On even layered cubes, these parities are noticeable during the OLL and PLL stages, hence the names OLL parity and PLL parity. If the first two layers on a 3x3 are correctly solved, then the orientation of the four top layer edges is only possible in one of the following ways:

- All four edges are oriented correctly (with white cross, all yellow edges are facing up)
- Two adjacent edges are oriented correctly
- Two opposite edges are oriented correctly
- No edges are oriented correctly (none of the edges are showing yellow on top with white cross)

OLL Parity becomes noticeable at the OLL stage due to the orientation of the last four edges. If you have an OLL case with either one or three edges oriented correctly, then you have parity (odd number of edges oriented = odd number flipped, an impossible position on a standard Rubik’s Cube). This can be solved using an algorithm that is relatively long and difficult to remember (you may hear speedsolvers complaining of OLL parity because of the added time it takes to correct the parity, slowing down their solve). An example of OLL parity is shown in Figure 2.

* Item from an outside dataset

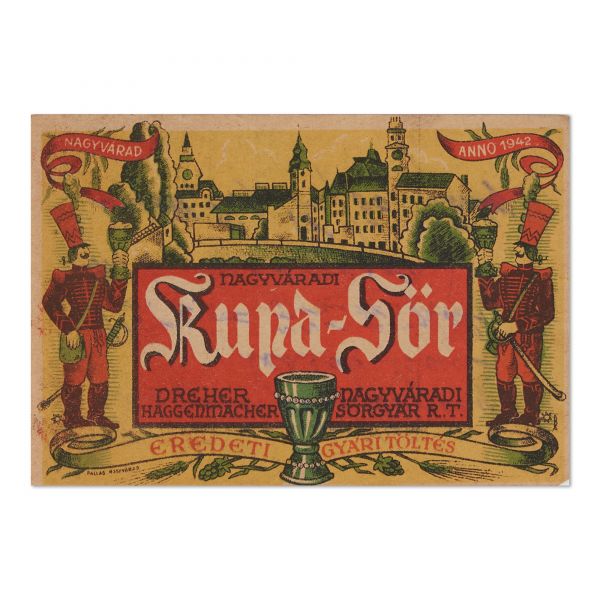 Dreher Haggenmacher, Kupa-Sor, patru etichete pentru bere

OLL Parity Algorithm - **Rw U2 Rw' U2 Rw U2 Rw U2 Lw' U2 Rw U2 Rw' U2 x' U2 Rw2**

PLL Parity becomes noticeable at the PLL stage due to the permutation of the top four edges upon completion of the orientation of the last layer. There are 21 defined PLL cases – These are cases that can appear on a 3x3 cube, there are no more combinations of pieces. If you know all of the PLL algorithms then noticing PLL parity will be easy for you – if the permutation of the pieces does not match a PLL algorithm that you already know, then you know you have parity. A simpler way involves performing a PLL algorithm that you do know until you’re left with the obvious confirmation that you have parity – Two adjacent edges are swapped or two opposite edges are swapped, and the rest of the puzzle is solved. An example of PLL parity is shown in Figure 3.

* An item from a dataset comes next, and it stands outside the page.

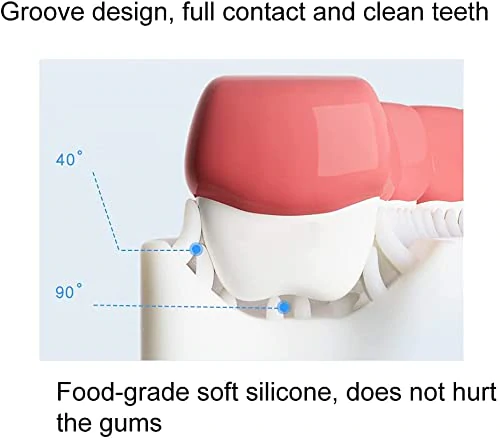 360 Degree U-Shaped Baby Toothbrush [Pack of 2]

PLL Parity Algorithm: **r2 U2 r2 Uw2 r2 Uw2 U2**

Note: The r2 notation refers to the Inner-R layer ONLY (an R move would be the outer R layer, and a Rw would be both the outer and inner layers). This means that **R2 Rw2 = r2**

To replicate parity on a simpler puzzle, try solving a void cube – a 3x3 without centres. You will notice sometimes that you’re left with PLL parity at the end of some solves (two edges seem to have swapped places with no other affected pieces). This is because you have solved the cube around the incorrect centres (even though there’s aren’t technically any centres to begin with).

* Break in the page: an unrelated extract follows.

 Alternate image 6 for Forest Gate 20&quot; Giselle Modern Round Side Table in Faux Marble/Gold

Read more about the 4x4 parity here...

*A complete 3x3 stage on a 4x4 cube without parity *

*A front and a back view of an OLL parity case *

*The front and back view of a PLL parity case *

**5x5** – The final step for odd layered cubes is an exact replica of the 3x3 stage. There are **no parities on odd layered cubes** due to their defined centres (in the same way a 3x3 doesn’t have parities), sothere is nothing different about the 3x3 stage on a 5x5 and a normal 3x3 Rubik’s Cube (other than of course the size). Pictures have been provided regardless of the similarity in case confusion arises regarding how 3 edge pieces form one “edge” equivalent on the large 3x3.